[Recorded data]
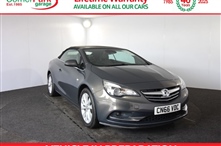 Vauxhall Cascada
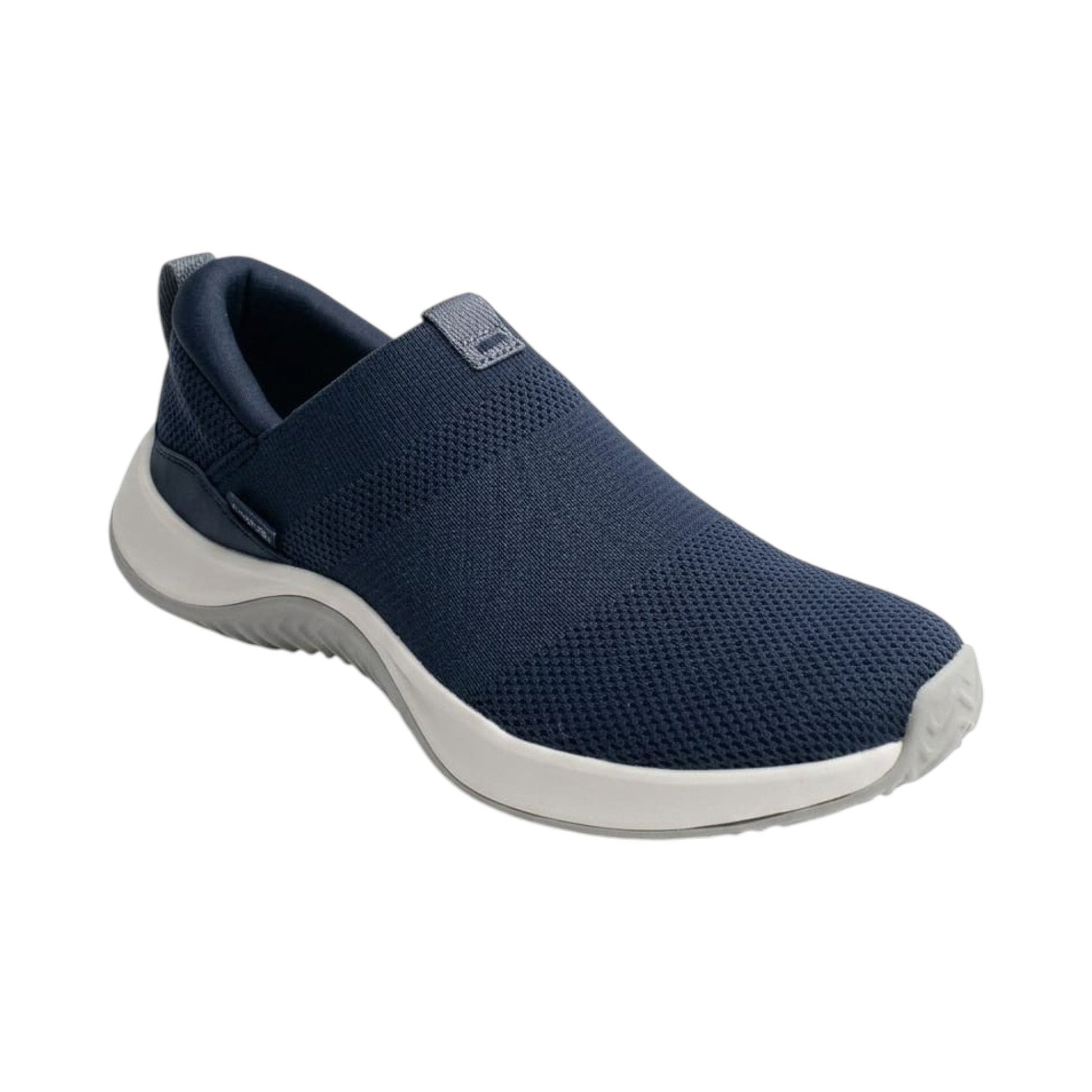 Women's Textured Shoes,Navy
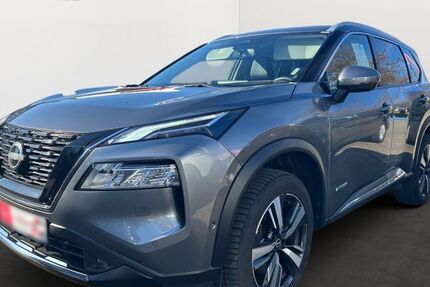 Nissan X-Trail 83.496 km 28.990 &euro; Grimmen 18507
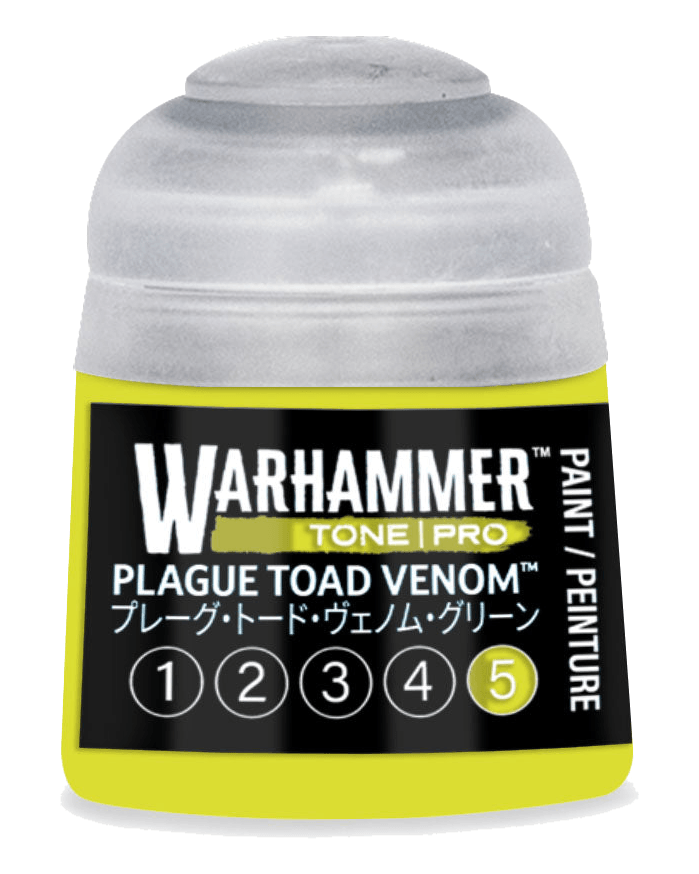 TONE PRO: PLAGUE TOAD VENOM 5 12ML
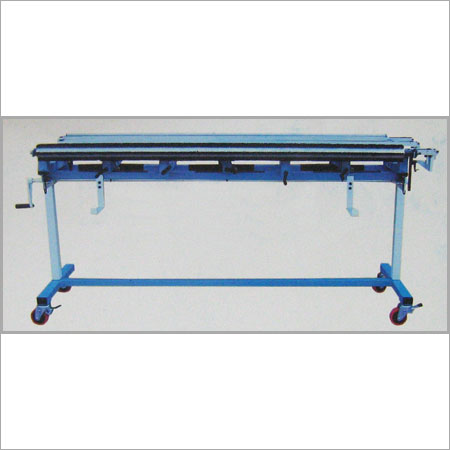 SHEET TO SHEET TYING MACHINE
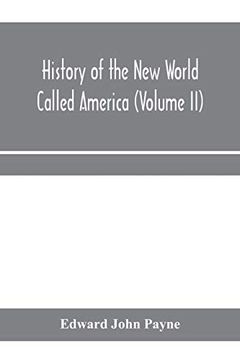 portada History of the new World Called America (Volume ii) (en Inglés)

> [What is being asked]: Print out the records in full and exactly, dropping every picture.

> [Written answer]:
 Vauxhall Cascada
 Women's Textured Shoes,Navy
 Nissan X-Trail 83.496 km 28.990 &euro; Grimmen 18507
 TONE PRO: PLAGUE TOAD VENOM 5 12ML
 SHEET TO SHEET TYING MACHINE
 portada History of the new World Called America (Volume ii) (en Inglés)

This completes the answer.